Questi risultati hanno portato alla sperimentazione delle mappe concettuali per la pianificazione dei curriculum, aiutando a identificare quali concetti dovrebbero essere introdotti prima e quali dopo. In conformità a tali risultati, Novak ha sostenuto che l’utilizzo delle mappe concettuali consente di superare i limiti dei materiali didattici tradizionali, quali i libri di testo, caratterizzati da percorsi obbligati di scoperta, sicuramente significativi per l’autore del testo ma non necessariamente per gli studenti, dato che ogni discente possiede una struttura cognitiva personale, differente da quella di ogni altro, frutto delle proprie esperienze affettive e cognitive. La strutturazione dei percorsi formativi fondati sulle mappe concettuali avrebbe il grande vantaggio di essere centrata sulla comprensione concettuale di un dominio di conoscenza e non sulla memorizzazione di grandi quantità di dati spesso slegati tra loro [Novak, 2001].

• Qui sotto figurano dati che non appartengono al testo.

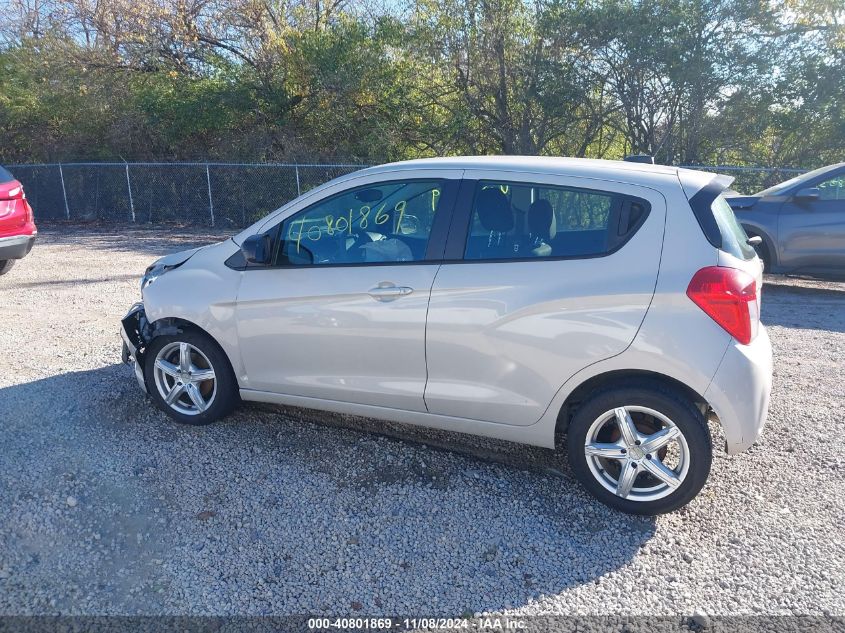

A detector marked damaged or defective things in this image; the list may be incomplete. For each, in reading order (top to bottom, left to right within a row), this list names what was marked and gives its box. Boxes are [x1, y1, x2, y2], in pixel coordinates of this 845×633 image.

L’intervento dell’insegnante e/o dell’esperto dei contenuti diventa, in questo contesto, decisivo poiché è sua responsabilità la costruzione della impalcatura concettuale che serve quale punto di partenza dell’esperienza conoscitiva personale dello studente [Adorni, Coccoli, & Vivanet, 2007]. Di recente, inoltre, sono stati evidenziati i vantaggi derivanti dalla costruzione collaborativa delle mappe (vantaggi tipici dei processi sociali di negoziazione e acquisizione di nuova conoscenza) [Novak & Gowin, 1989]. Passando alla analisi del processo di costruzione di una mappa concettuale a scopo didattico, è posibile distinguere alcuni passaggi: • determinazione del dominio di conoscenza con chiara definizione dei suoi confini; • individuazione operativa degli obiettivi didattici; • esplicitazione degli eventuali pre‐requisiti di conoscenza; • individuazione del concetto primario; • individuazione dei concetti secondari;
• individuazione di eventuali concetti terziari (informazioni di approfondimento);
• test di valutazione della mappa.
La procedura indicata suggerisce di esprimere i concetti in modo gerarchico (da quello più generale a quelli più particolari) e sintetico (distinguendo eventualmente i concetti‐chiave da quelli d’approfondimento); collegare i concetti tra loro mediante brevi proposizioni scritte su linee di unione; considerare la mappa sempre come work in progress suscettibile di continui aggiustamenti e, infine, prestare attenzione alla disposizione nello spazio dei concetti (eventuali concetti di pari livello dovranno essere posti, nei limiti dello spazio disponibile, sulla stessa linea). In fase di controllo della mappa sarà bene prestare particolare attenzione alle seguenti tipologie di errori: assenza di concetti centrali, presenza di concetti superflui; errata connessione tra due concetti; mancata segnalazione della connessione tra concetti; errori nella disposizione logica degli elementi; errori nella definizione e nelle relazioni fra concetti e collegamenti; errori sintattici. Inoltre, al fine di valutarne la qualità, Gineprini e Guastavigna propongono di monitorare una serie di indicatori, quali congruenza, coerenza, corrispondenza, ergonomia e trasferibilità [Gineprini & Guastavigna, 2006].